++++ Supplied records ++++

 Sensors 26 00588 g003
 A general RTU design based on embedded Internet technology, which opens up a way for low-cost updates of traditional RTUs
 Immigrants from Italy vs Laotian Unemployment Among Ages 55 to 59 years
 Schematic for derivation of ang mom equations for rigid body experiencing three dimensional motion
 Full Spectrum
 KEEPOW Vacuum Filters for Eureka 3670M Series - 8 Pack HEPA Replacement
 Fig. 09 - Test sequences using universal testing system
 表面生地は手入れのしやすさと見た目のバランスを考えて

++++
++++ Supplied records ++++

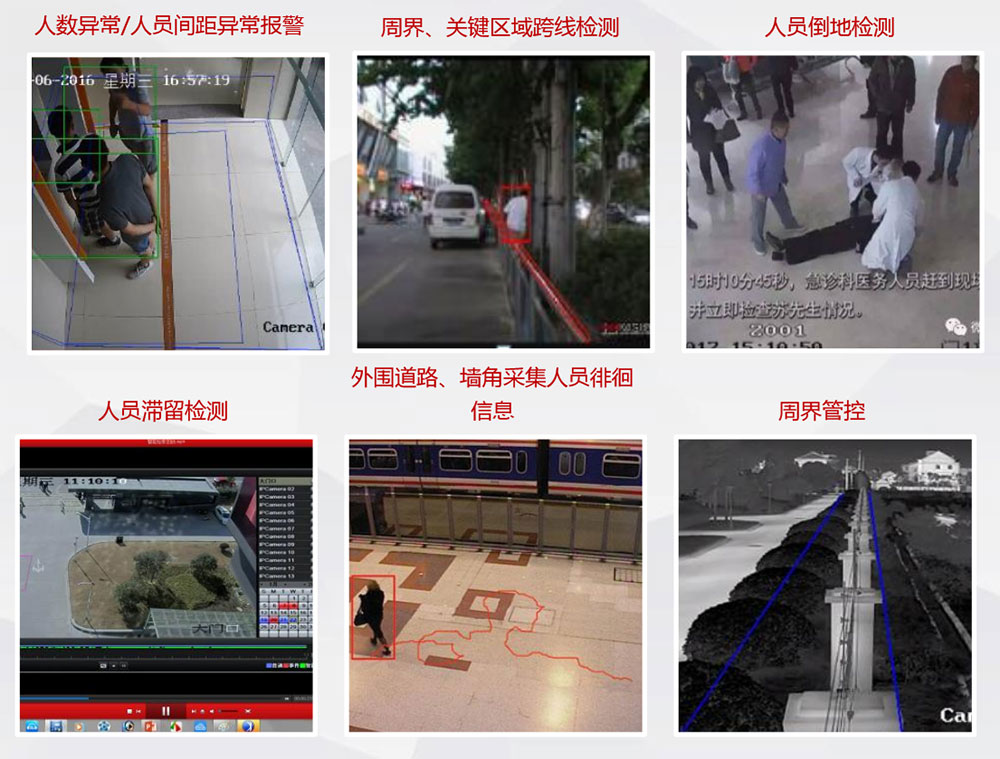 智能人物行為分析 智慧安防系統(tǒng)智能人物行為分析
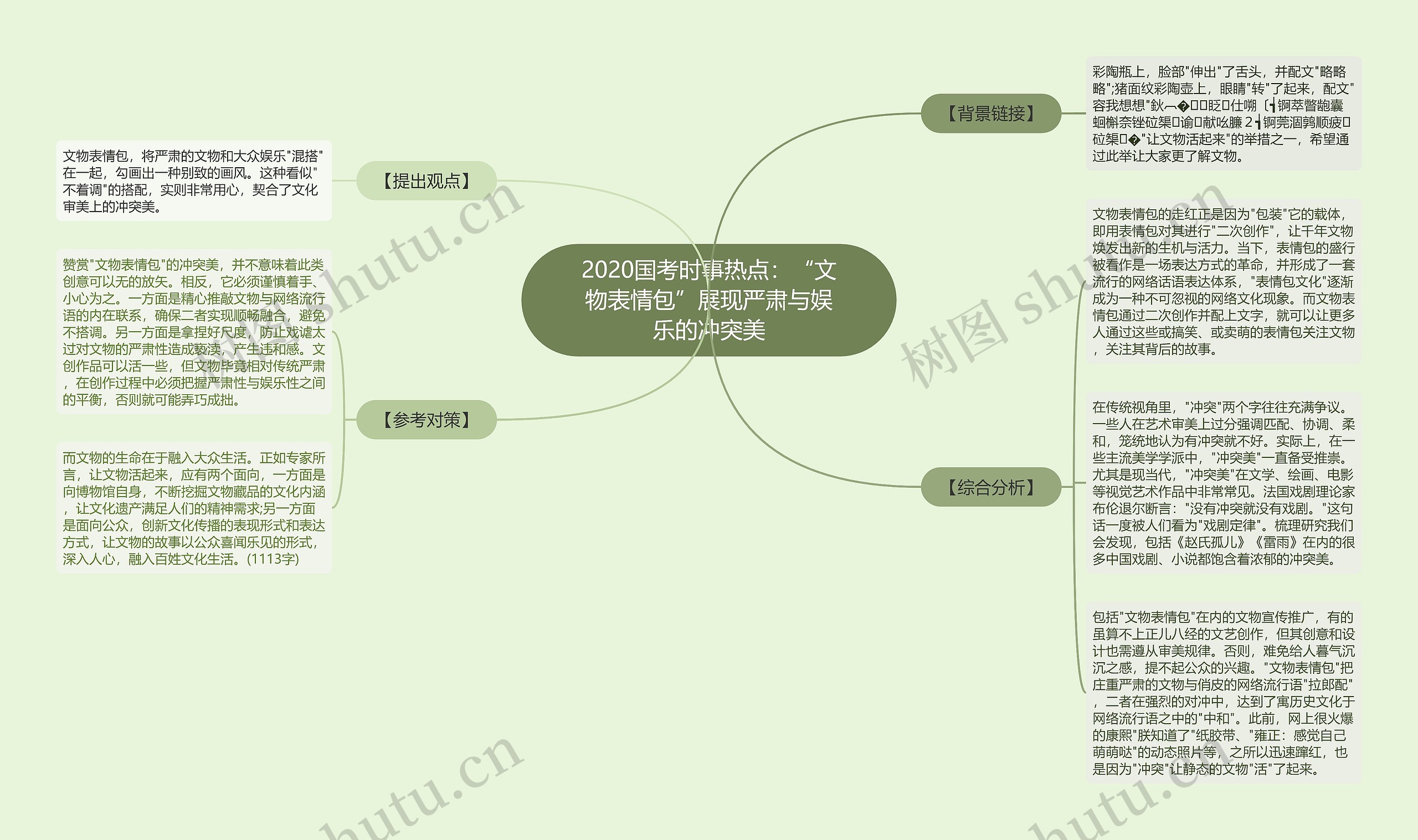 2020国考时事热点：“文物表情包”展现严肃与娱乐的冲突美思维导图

++++

• Exercise directions: Leave out every line above except those from the line with "KEEPOW Vacuum Filters" up to and including the line with "表面生地は手入れのしやすさと見た目のバランスを考えて", and copy those exactly.

• The completed task:
 KEEPOW Vacuum Filters for Eureka 3670M Series - 8 Pack HEPA Replacement
 Fig. 09 - Test sequences using universal testing system
 表面生地は手入れのしやすさと見た目のバランスを考えて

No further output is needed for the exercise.